I had this work with one of my horses. It didn't work with the other one I had later that was a bear to bridle.
I put a dab of spun honey on the bit. His stomach won out over his resistance to being bridled, and he started smacking and chewing as soon as he saw me come up with the bridle. It only took a few days before he was better. I'd bridle him, then take it off and put him away, in case he was making the association that bridle = work. Every now and then after that I'd randomly put the spun honey on the bit, and he became a dream to work with.
But, as I said, this didn't work with another horse, so it all depends on the individual.
I ride a horse who is VERY HARD to bridle. He has fungus in his ears and hates to have them touched. If you get the bridle close to his ears he rears up and he even flipped over once . When I bridle him I put both cheek pieces on the bottom hole so I can pull the bridle over his ears without touching them. I back him up so his butt is against the wall and stand on a stool and hold a treat in my left hand (the hand holding the bit). I coax his head down with the treat and whip the bridle over his ears while being careful not to touch them. Then I re-adjust the cheek pieces and give him a ton of treats if he was good. His bit gets gunky but it is totally worth it. After a few months of this he hardly gives me any trouble.
Looking back on this thread, it seems that bribing with food has its place. Use with caution, as with the others.
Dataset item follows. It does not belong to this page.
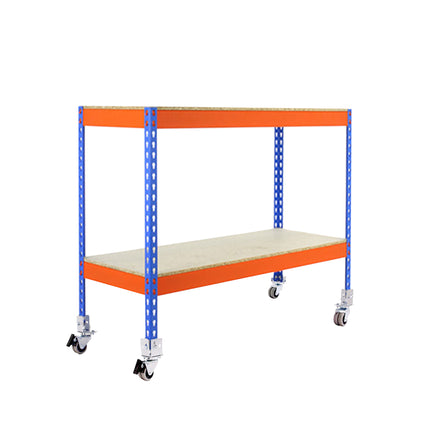 Estantería industrial Simonrack Simonforte fondo 600 mm, anchos 1200 y 1800 mm Azul + Naranja 975 x 1200 x 600 mm 2 estantes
Another that caught my eye was this, if he's tossing his head or trying to get away when bridling:
"After ruling out any physical problems, I got a length of fairly thin cotton rope. Then I constructed a "war bridle" as I had been taught by an old horseman. Basically it worked like a stabelizer or "Be Nice" halter. I made a small loop in the end with a bowline knot. That end was hanging down on his left side with the line going over the poll. The line is then looped or tied like a cavesson and the end goes through the first loop. Now you can gently tug on the end of the line and create poll pressure. I tried it on him and used short tugs to get him to realize that he could drop his head down to relieve the uncomfortable feeling. Then I would adjust the bridle a little more loosely and bridle him right over. You use gentle tugs on the rope to keep the head down. It took a while at first, but rapidly improved.The rope can then be removed and the bridle adjusted."
As for me, it seems that my horse just didn't want to see the bit. It took a long time to figure it out, but to this day, if the bit is in his line of sight he tries to get away. No problem at all if I just bring the bridle up from under his nose and slide the bit in. Can't hurt to try, I suppose.